SPNV-Trassenpreisbremse geht auf Kosten anderer Nutzer
Das NEE befürchtet außerdem, dass die Trassenpreisbremse für den SPNV dazu führen könne, dass der Güter- und Personenfernverkehr übermäßig belastet werden und dann gegenüber anderen Verkehrsträgern weiter ins Hintertreffen geraten.
„Besser alle Nutzer gleichmäßig mehr belasten“
Ein unabhängiger Experte äußerte im Gespräch mit dem Verkehrsbrief die Einschätzung, dass jeglicher Versuch zum Scheitern verurteilt sei, den Anstieg der Infrastrukturentgelte für einzelne Marktsegmente zu begrenzen. Besser sei es, alle Marktsegmente gleichmäßig mehr zu belasten, wenn schon Preissteigerungen unvermeidlich seien. Übergeordnetes Ziel der Bahnpolitik müsse müsse es aber sein, mehr Verkehrsleistung auf die Schiene zu bringen, um so die hohen Fixkosten der Infrastruktur auf mehr Nutzer verteilen zu können.

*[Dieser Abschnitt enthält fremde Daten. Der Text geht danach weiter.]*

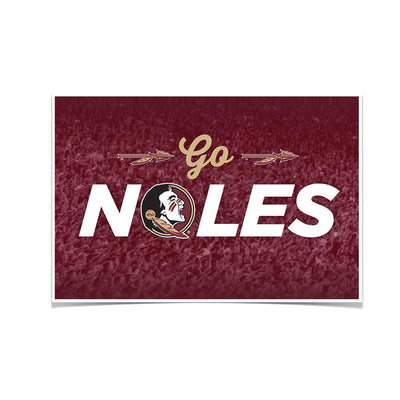 Florida State Seminoles - Go Noles - College Wall Art #Poster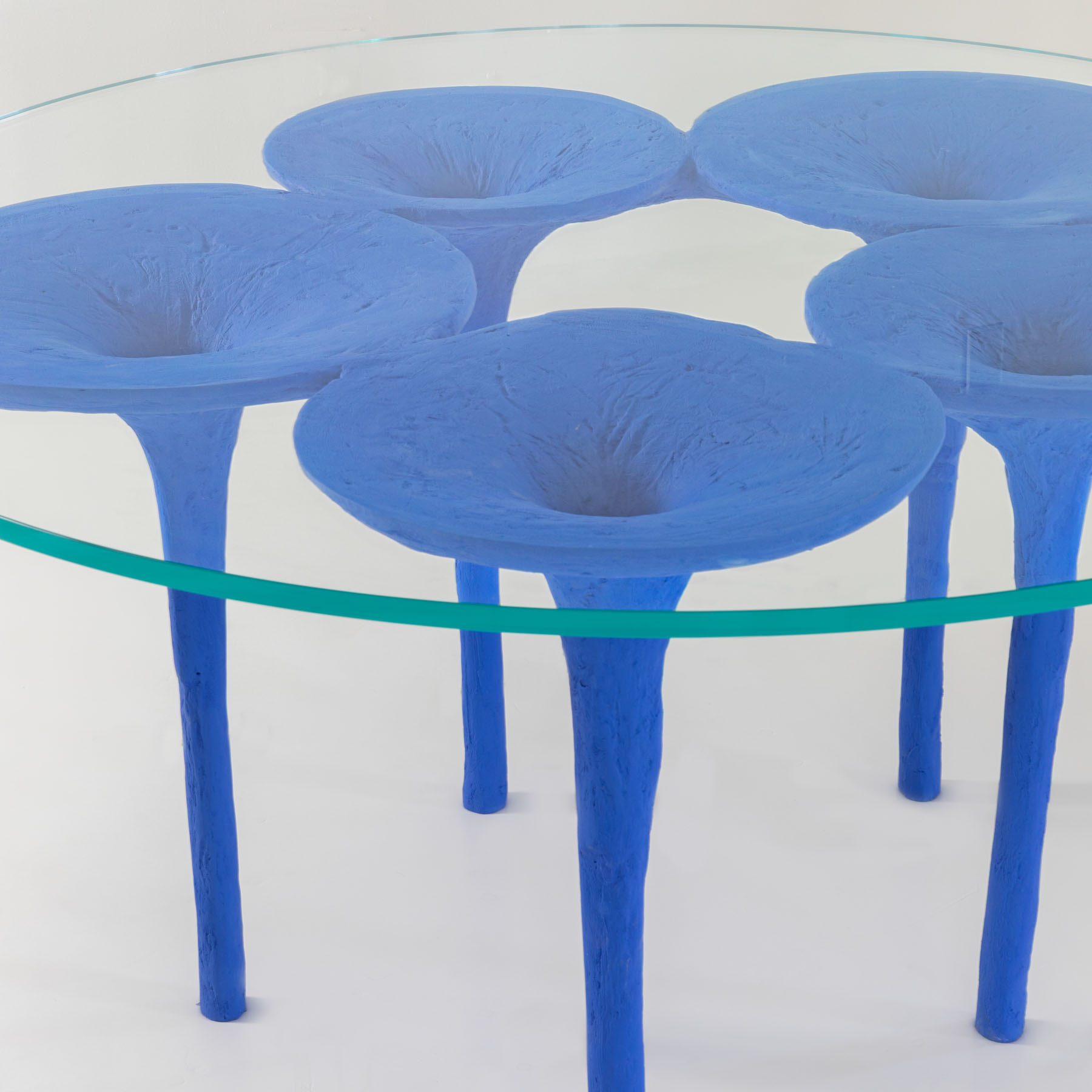 Rizoma Blue Dining Table Single Base 2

Risiko der Infrastrukturverlotterung nicht ausgeräumt
Ein weiterer Branchenkenner warnte vor Fehlanreizen zum Unterlassen von Investitionen. Der „bürokratisch-mathematische Regulierungsansatz“ könne dazu führen, dass Investitionen – auch im Erhalt! – unterbleiben, wenn der Infrastrukturbetreiber keine Chance sieht, seine Ausgaben zu amortisieren. Dafür gebe es Beispiele aus Großbritannien oder der Ära Mehdorn. Möglicherweise sei es sinnvoller, die Bundesnetzagentur wie bisher Trassenpreise individuell prüfen zu lassen. (roe)
Grundsätzlich lehne ich eine umfassendere Regulierung nicht ab. Jedoch werden mit dem neuen Eisenbahnregulierungsgesetz entgegen der Intention des zur Kontrolle der ehemaligen Staatsbahnen beschlossenen EU-Rechtes besonders kleinere Eisenbahninfrastrukturunternehmen in ihrer Handlungsfähigkeit erheblich beschränkt, wobei gerade hier eine Liberalisierung erforderlich wäre. Definitiv besteht bei einer kleineren Nebenbahnlinie keine nennenswerte Beeinträchtigung des Wettbewerbes. Möge der Bundesrat den Gesetzesentwurf ablehnen.